IMD earlier predicted that rainfall during JuneAugust would be 98% of LPA while most parts of the country, with the exception to regions such as Bihar, Jharkhand and Assam, have got normal to excess rainfall till now.
However for the northeast, against a forecast of 98% of LPA, the region got only 72% of the rainfall, which is considered scanty.
Key rice-growing states such as Bihar, Jharkhand and Assam have got rainfall deficiency of 28%, 21% and 31%, respectively.
With the exception of northeastern regions, our forecast matches the actual rainfall received so far, a IMD official told FE.
Central India, south peninsula and northwestern regions have received the chunk of excess rainfall.
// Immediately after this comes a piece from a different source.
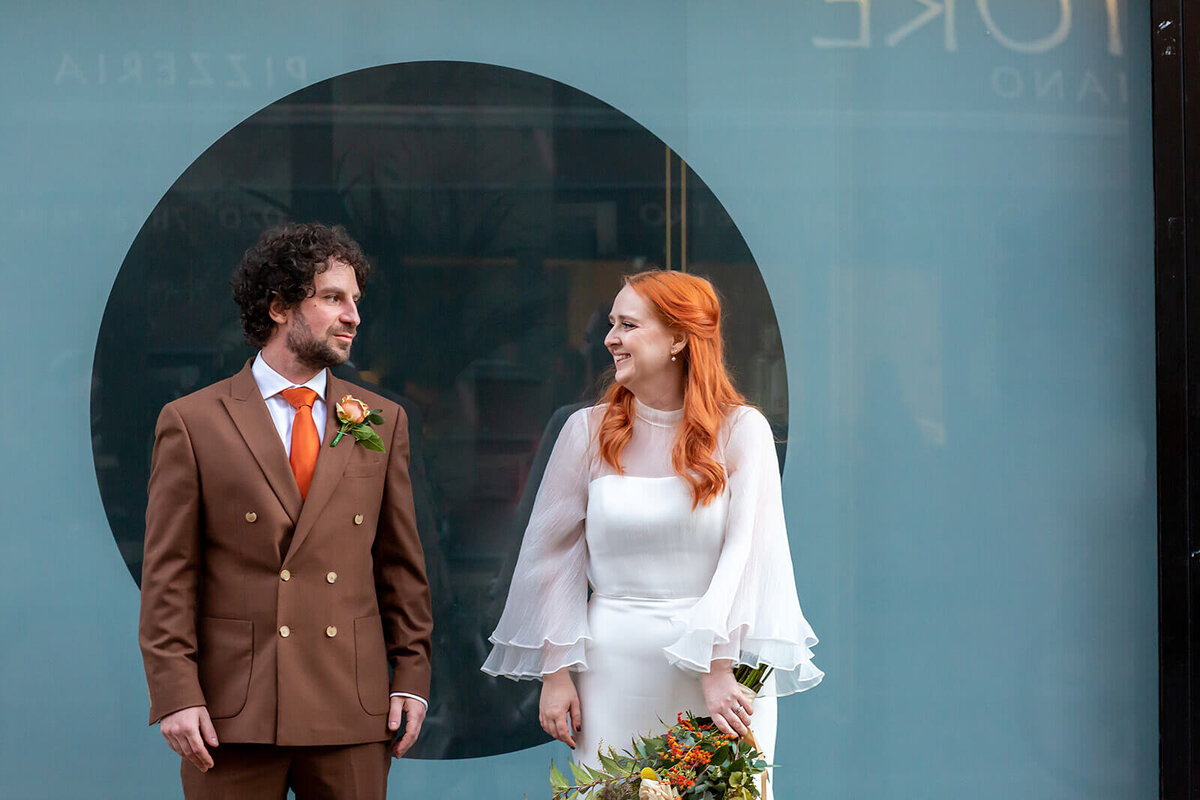Red head bride standing infront of Green Exmouth market shop window with groom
Regions such as west MP, Vidarbha, Marthwada, Madhya Maharashtra have got excess rainfall of 69%, 58%, 16% and central Maharashtra 17%, respectively.
Besides, most of the regions have got widespread rainfall during last three months, an agriculture ministry official said.
FE reported last week that with large parts of the country getting excess rainfall in last three months of progress of monsoon, the output of kharif crop such as rice, pulses, coarse cereals and oilseeds is set to rise sharply.
Since 2005, the IMD has been been issuing operational forecasts for the date of monsoon onset over Kerala and its subsequent progress using an indigenously developed statistical model .
In April, science and technology minister S Jaipal Reddy, while releasing the first long-range forecast for the southwest monsoon by the IMD, said monsoon this year is most likely to be normal.